“La fine degli incentivi e degli sgravi fiscali legati al Jobs act ha segnato in maniera evidentissima la fine o quasi delle assunzioni a tempo indeterminato. Nei prossimi giorni usciremo con la nostra solita lettura ragionata di questi dati, però anche soltanto da un primo sguardo alle tabelle Inps si può notare il continuo arretramento dei contratti a tempo indeterminato, mentre invece c'è una fortissima espansione dei contratti precari”. A dirlo è il presidente della Fondazione Di Vittorio Fulvio Fammoni intervistato da RadioArticolo1. Anziché sulla decontribuzione, per la Cgil sarebbe meglio investire direttamente nella creazione di lavoro, soprattutto al Sud: “Questo – sottolinea Fammoni – è l'assunto del nostro Piano del lavoro: un investimento diretto in lavoro che crei occupazione e sviluppo più stabile e duraturo”.

L'altra evidenza che colpisce – tra le ultime segnalate dall'Inps – è l'aumento dei licenziamenti insieme al boom della precarietà. “Il dato sui voucher fa impressione, ne sono stati venduti oltre 300 milioni.
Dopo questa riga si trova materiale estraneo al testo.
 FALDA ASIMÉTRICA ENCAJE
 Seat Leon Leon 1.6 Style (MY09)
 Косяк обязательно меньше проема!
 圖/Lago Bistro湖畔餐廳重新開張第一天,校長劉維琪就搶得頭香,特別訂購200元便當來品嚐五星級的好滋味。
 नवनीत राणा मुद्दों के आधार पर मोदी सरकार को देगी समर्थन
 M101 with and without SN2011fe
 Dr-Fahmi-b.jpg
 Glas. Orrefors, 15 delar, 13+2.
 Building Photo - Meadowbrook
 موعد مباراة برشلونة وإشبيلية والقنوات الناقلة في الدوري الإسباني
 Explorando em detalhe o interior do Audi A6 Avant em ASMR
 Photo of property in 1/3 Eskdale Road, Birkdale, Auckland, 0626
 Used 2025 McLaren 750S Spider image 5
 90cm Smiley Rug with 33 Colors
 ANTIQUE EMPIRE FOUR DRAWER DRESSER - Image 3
Rispetto al 2014 è il triplo e dobbiamo sempre ricordarci che questa è soltanto la parte che emerge, perché sappiamo benissimo che sotto c'è una quota di lavoro nero nascosto e quindi la quantità complessiva è decisamente più alta”. Numeri che “confermano le ragioni della Cgil nel promuovere i quesiti referendari dell'anno prossimo”, tra cui proprio quello per l'abolizione dei voucher: “Stiamo parlando di centinaia di migliaia di persone coinvolte fra voucher e licenziamenti, senza contare che non appaiono i dati sui cambi di appalto, cioè il tema del terzo referendum sulle clausole sociali”.

Ci sono poi i dati dell'Istat secondo cui l'Italia è tornata in deflazione. “Purtroppo – sottolinea Fammoni – la crisi non è finita. Le statistiche ci dicono che nei prossimi tre mesi ci sarà un ulteriore rallentamento. C'è una ripresa bassa e soprattutto molto discontinua, in ogni momento può cambiare segno. Il dato sulla deflazione – conclude – mostra che continua a esserci una contrazione dei consumi legata alla sfiducia sulle prospettive future delle persone. Osserviamo un crescente pessimismo che viene rilevato anche dall'Istituto di statistica. Il meccanismo è semplice: ci sono meno soldi in giro e, anche chi ha qualche risorsa a disposizione in questo momento, non avendo fiducia, non spende”.